Nah bugger all.  Without getting the calipers out to check the actual measurements.  The rear of the mag that holds the round in was 10mm which hadn't changed on the used mags.  It was only towards the front, the new mag was 11.60ish and the old mags varied out to 12.10mm, so just a gentle tap with a soft head hammer to get them closer to spec.

A bit of a whack then measure, repeat till better or broken.  :Grin: 

To be perfectly honest, I haven't had any issues aside from the springs getting tired.  It was mainly because I'm doing a full maintenance check on the gun before France, otherwise I wouldn't have bothered.

----------


## R93

> Nah bugger all.  Without getting the calipers out to check the actual measurements.  The rear of the mag that holds the round in was 10mm which hadn't changed on the used mags.  It was only towards the front, the new mag was 11.60ish and the old mags varied out to 12.10mm, so just a gentle tap with a soft head hammer to get them closer to spec.
> 
> A bit of a whack then measure, repeat till better or broken. 
> 
> To be perfectly honest, I haven't had any issues aside from the springs getting tired.  It was mainly because I'm doing a full maintenance check on the gun before France, otherwise I wouldn't have bothered.

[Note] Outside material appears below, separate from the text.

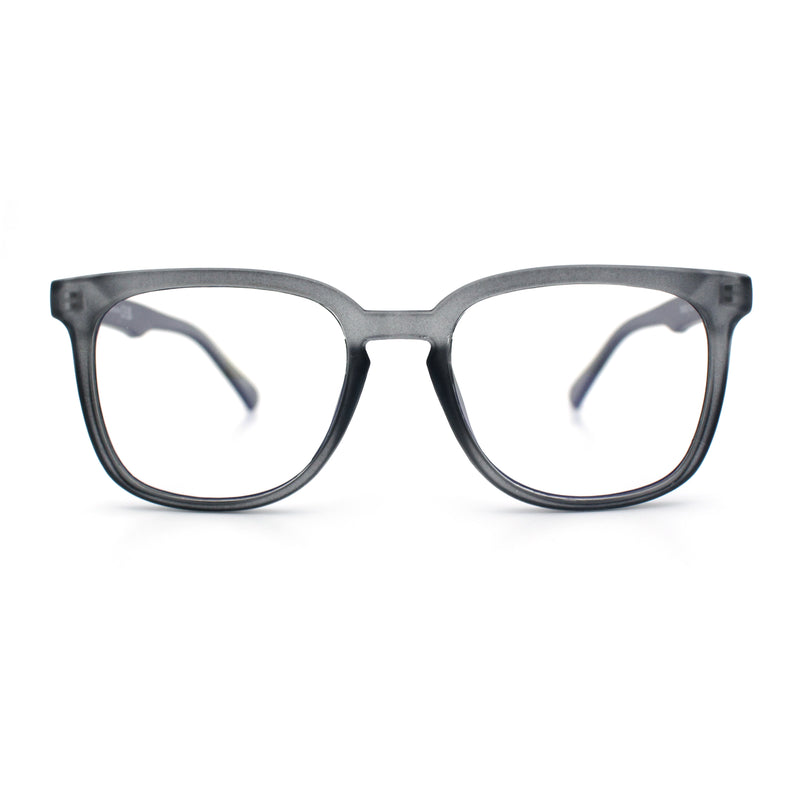Nerdy Thin Keyhole Horn Rim Plastic Hipster Blue Light Filter Computer Glasses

I would have rented ya out my shotty one😆

Cheers for that.

I will have a measure up when I get home but only one has given me issues.

Sent from my SM-G935F using Tapatalk

----------


## Ozzy

> I would have rented ya out my shotty one
> 
> Cheers for that.
> 
> I will have a measure up when I get home but only one has given me issues.
> 
> Sent from my SM-G935F using Tapatalk


Let me know when you have it in front of you and I'll give my mags a measure up to double check what it should be.  Those numbers quoted were from 2 days ago, they may or may not be correct, my memory can be rather porous.

----------


## R93

Will do. Not home for another couple weeks. 
Gunna burn some powder then.

Sent from my SM-G935F using Tapatalk

----------